• **Action item**
The lines to extract run from the start of the records through the line with "Tira antideslizante para", both ends included; drop the pictures.

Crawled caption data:
--- START ---
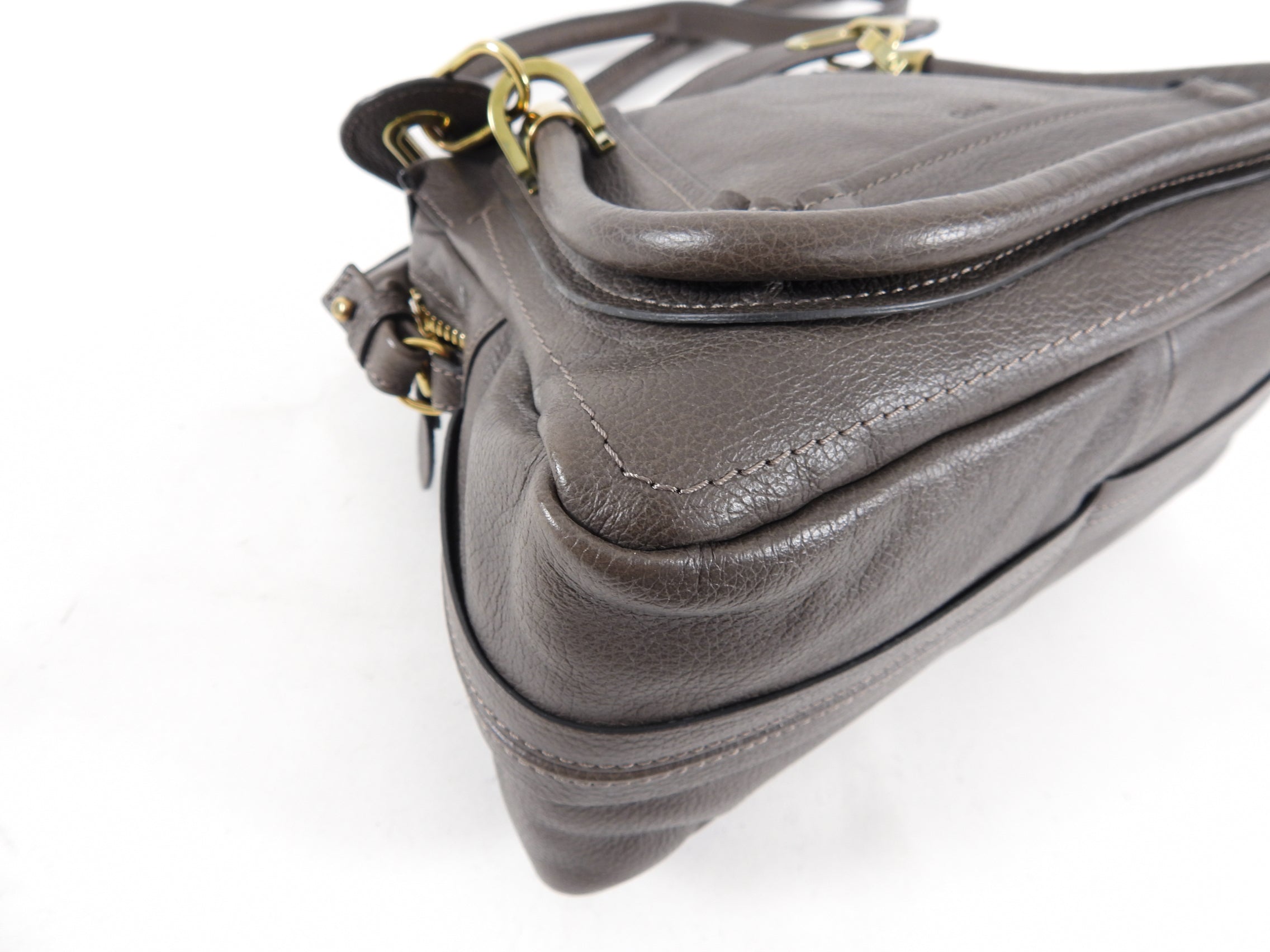 Chloe Paraty Small Taupe Rock Two-Way Handbag - Luxury Leather Shoulder Bag & Crossbody Purse for Women | Perfect for Work, Travel & Everyday Use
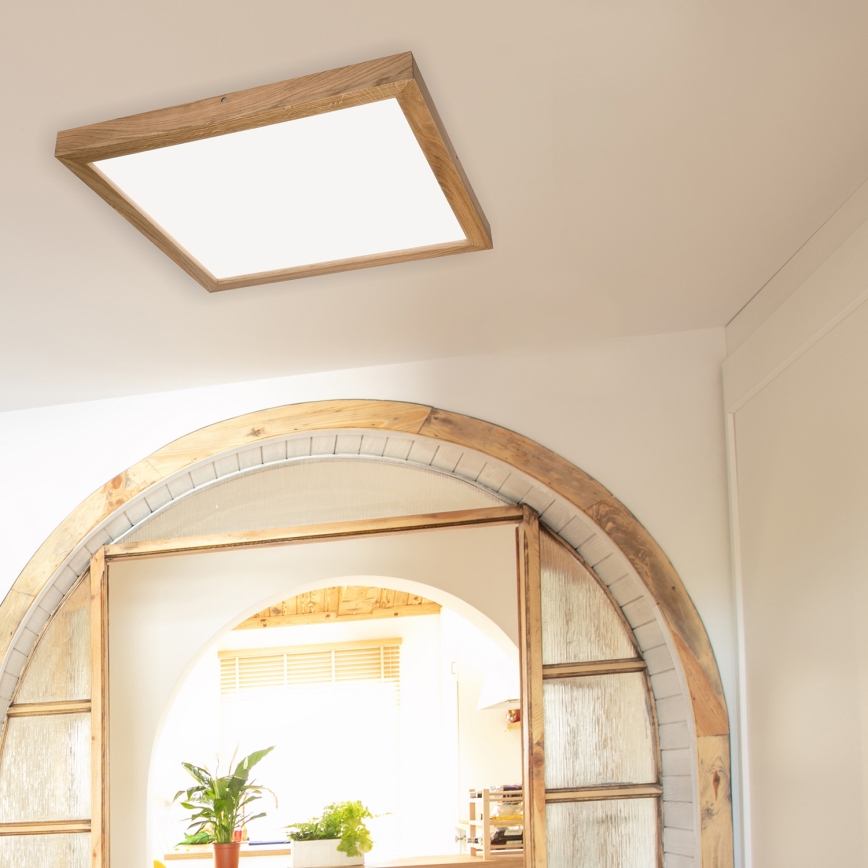Brilagi - Plafonieră LED pentru baie WOODY FRAME LED/40W/230V 60x60 cm IP44 stejar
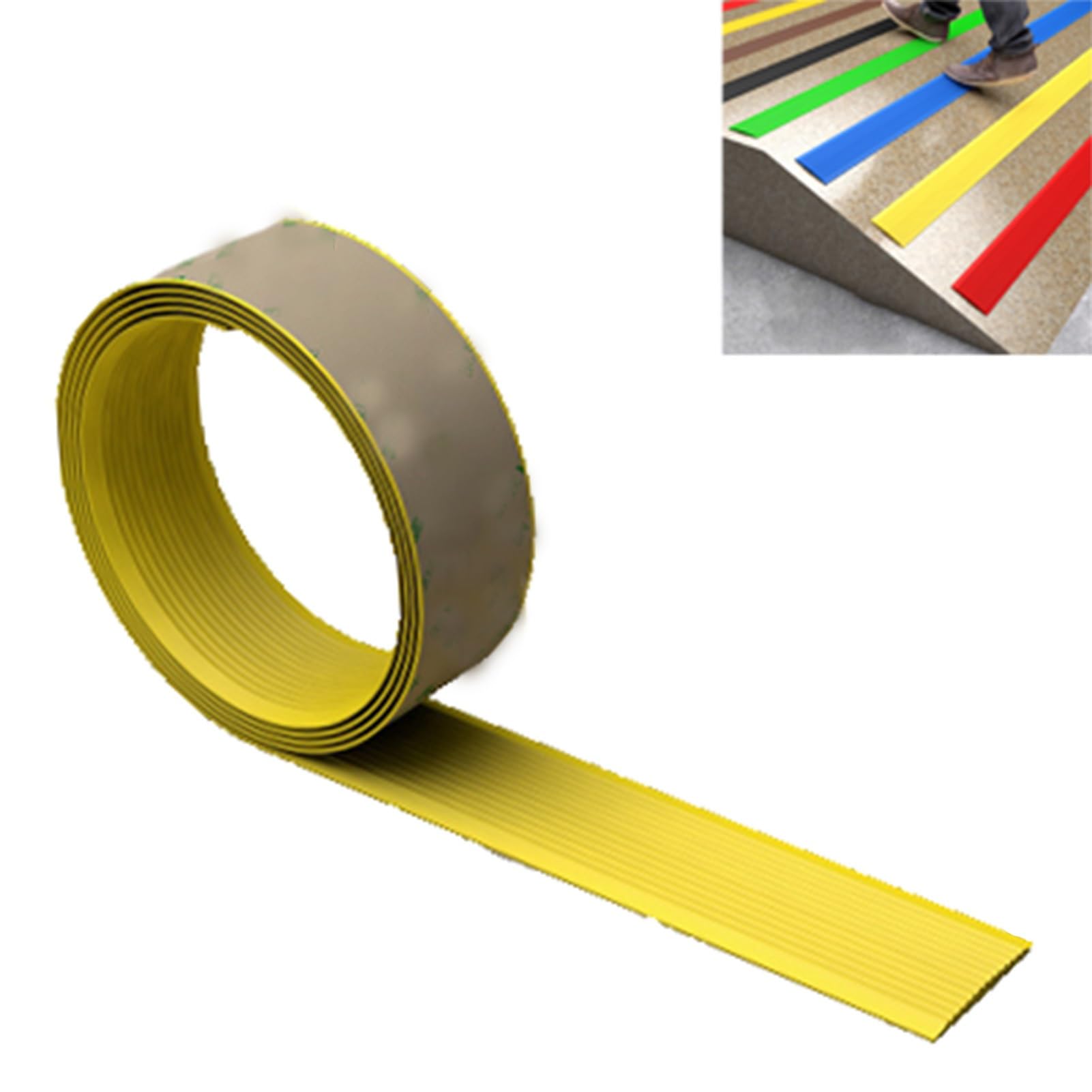 Tira antideslizante para peldaños de madera, protector de borde de goma para escaleras interiores, tira de transición para alfombras de peldaños amarillos, 23 pies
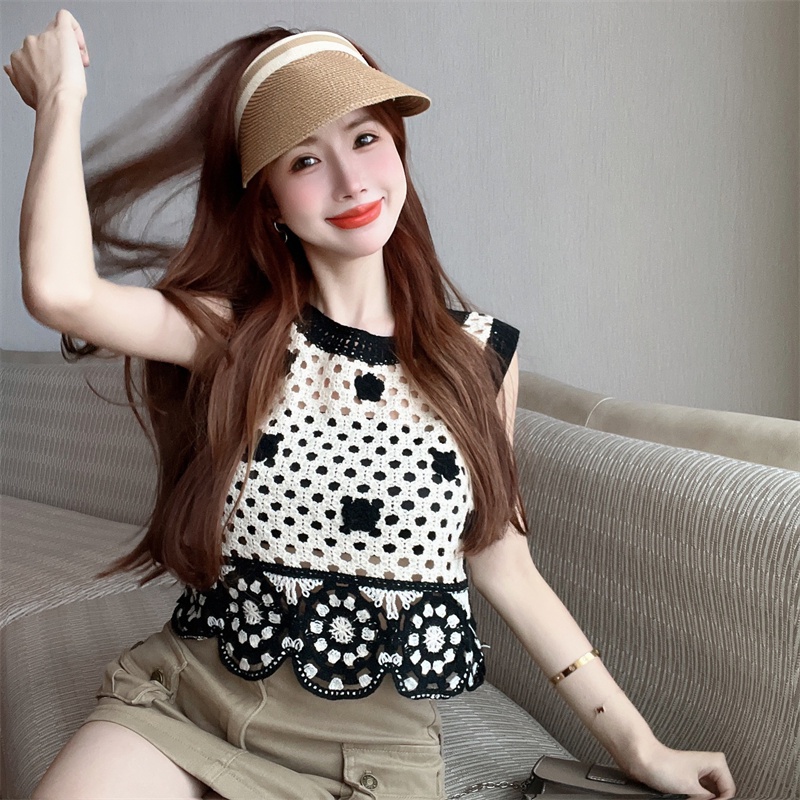 Áo croptop ZHELIHANGFEI dệt kim sát nách thêu hoa quyến rũ hợp thời trang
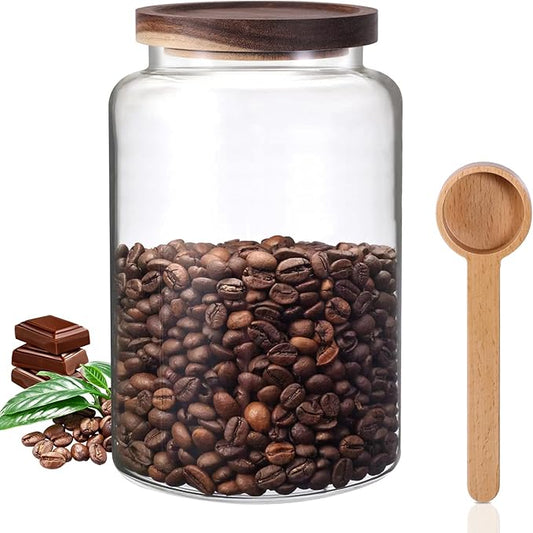Large Glass Coffee Storage Jar with Lids Spoon Thicken Glass Coffee Canister Borosilicate Glass Food Containers for Ground Coffee Beans Nut Pasta Sugar Candy Spice Rice Loose Tea (4500ml/152oz)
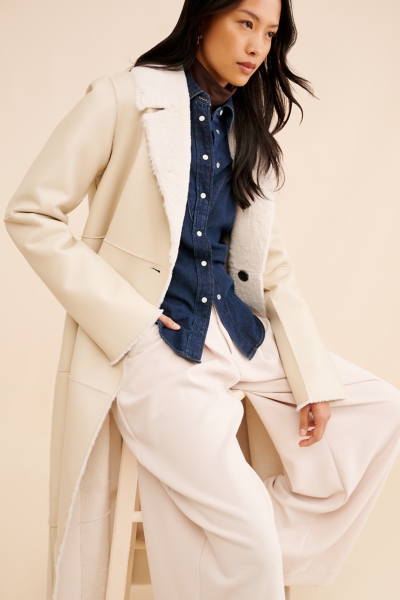 Reversible Vegan-Leather Sherpa Maxi Coat | Nuuly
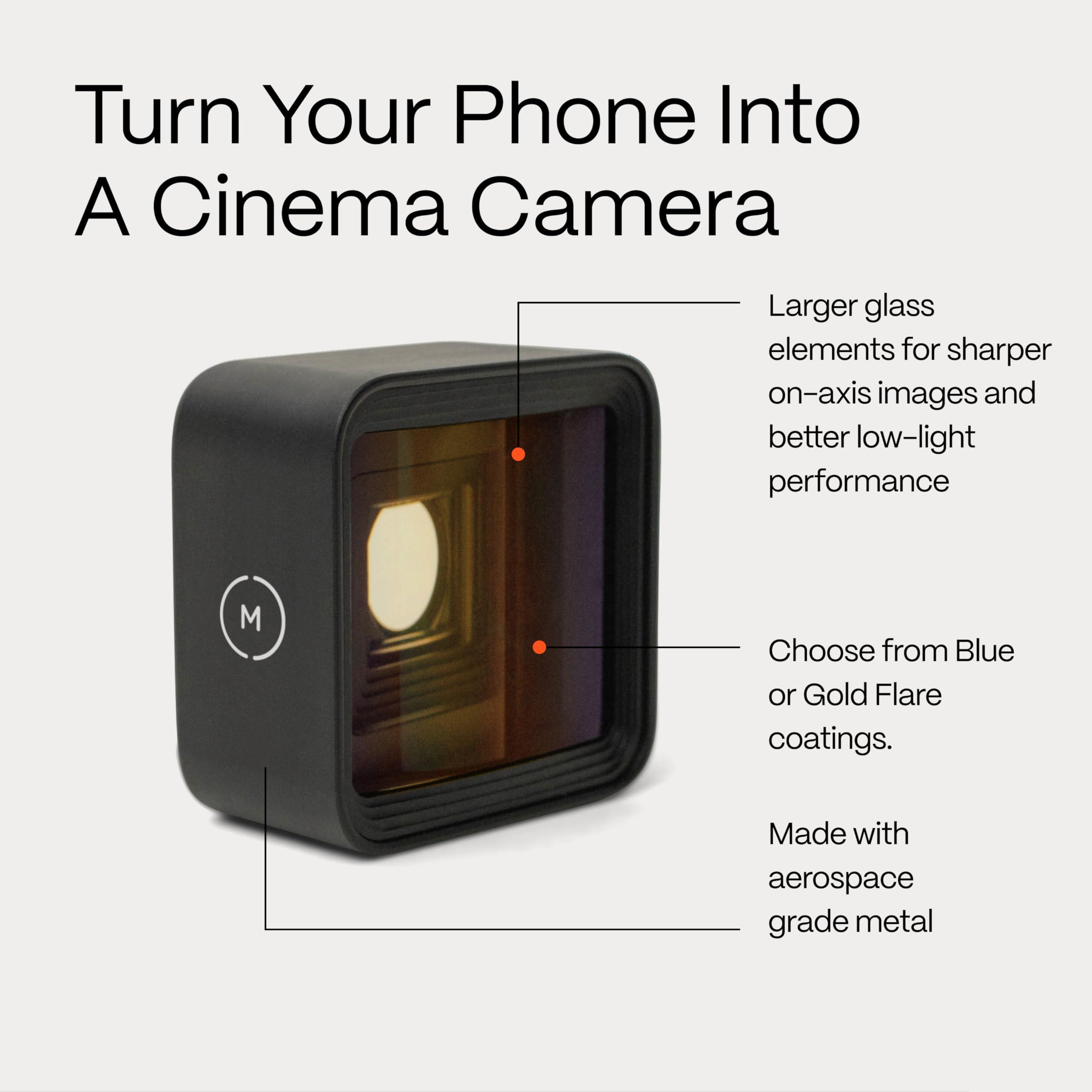 Moment Moment 1.55x Anamorphic Mobile Lens Capture True Cinematic Aspect Ratio, Gold or Blue Flare [Blue Flare, T-Series]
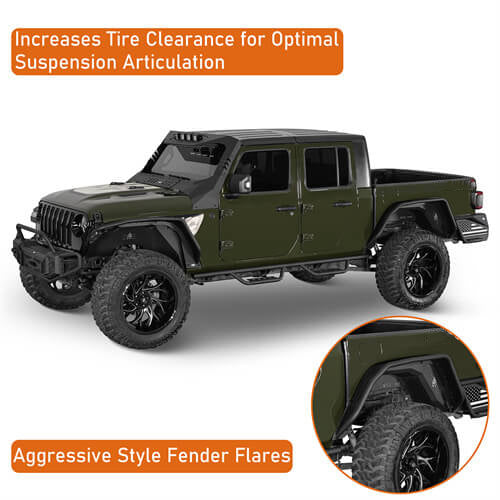 Road Trip Flux Tube Fender Flares For 2020-2025 Jeep Gladiator JT - Ultralisk4x4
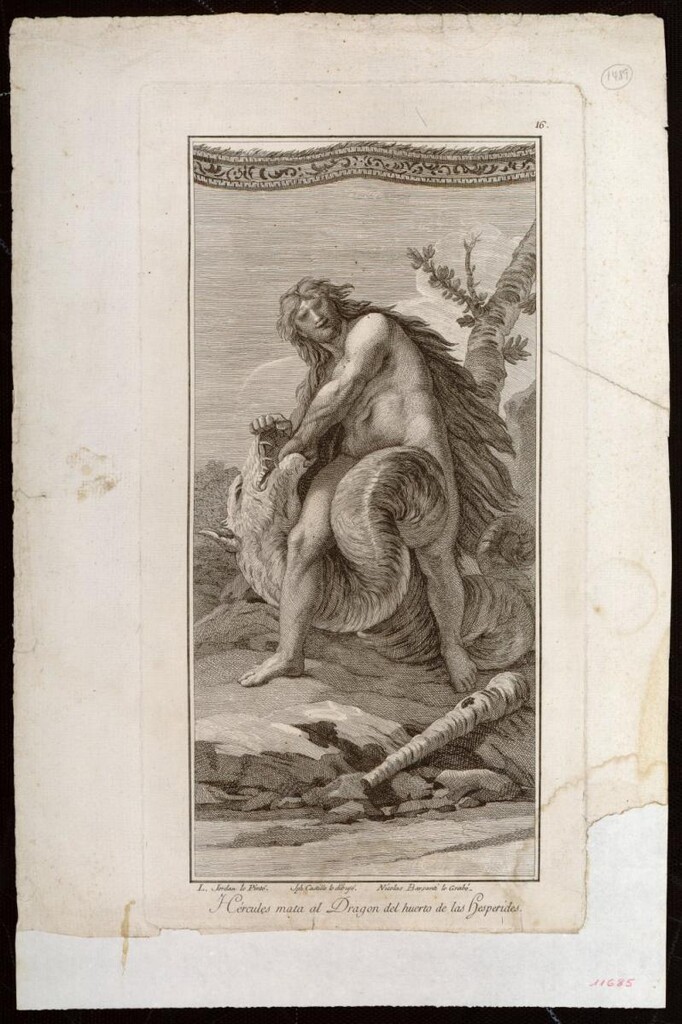 Miniatura de Hércules mata al dragón del huerto de las Hesperides
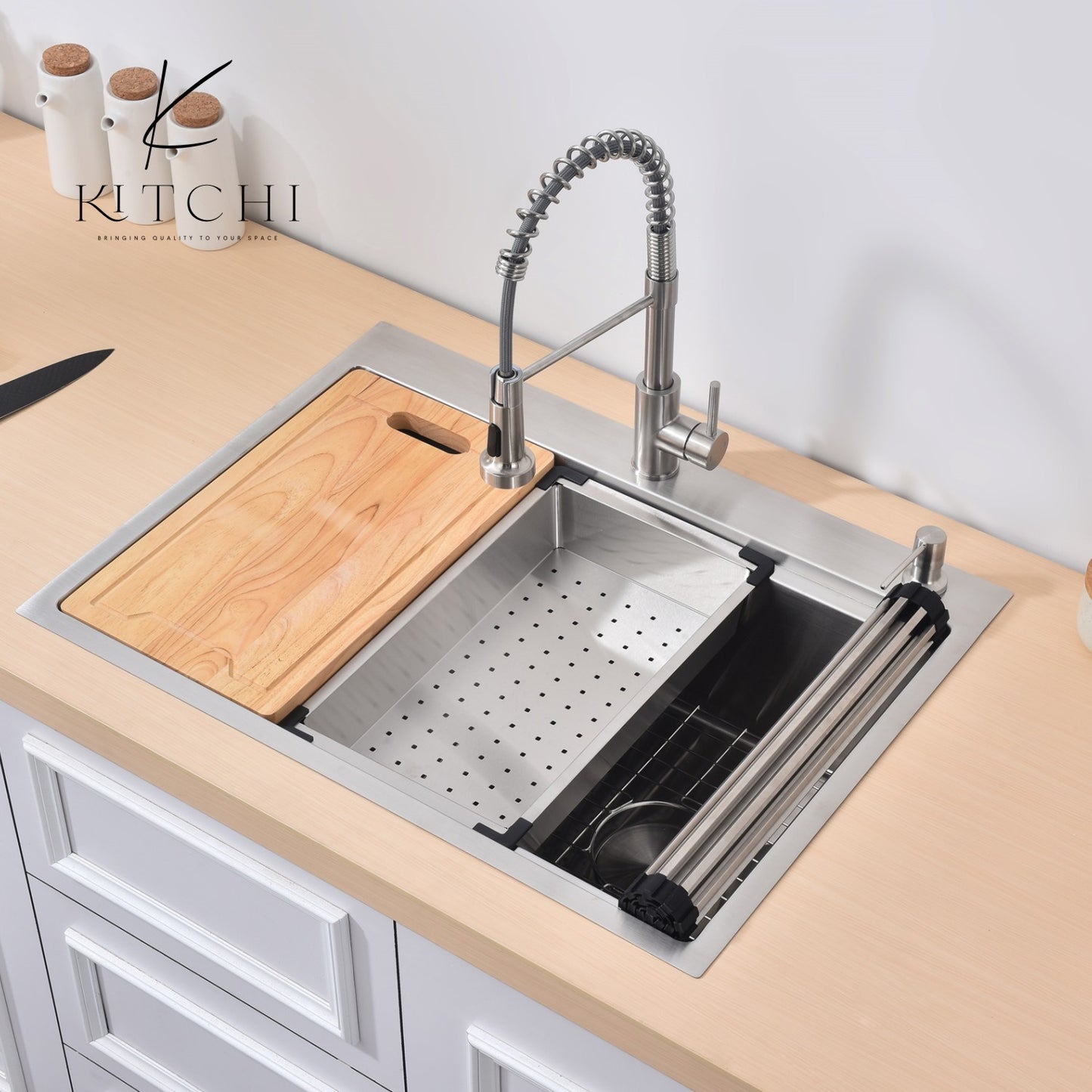 30" Dual Mount Kitchen Sink, 16 Gauge Stainless Steel Sink Workstation Ledge Single Bowl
--- END ---
• **Written answer**
 Chloe Paraty Small Taupe Rock Two-Way Handbag - Luxury Leather Shoulder Bag & Crossbody Purse for Women | Perfect for Work, Travel & Everyday Use
Brilagi - Plafonieră LED pentru baie WOODY FRAME LED/40W/230V 60x60 cm IP44 stejar
 Tira antideslizante para peldaños de madera, protector de borde de goma para escaleras interiores, tira de transición para alfombras de peldaños amarillos, 23 pies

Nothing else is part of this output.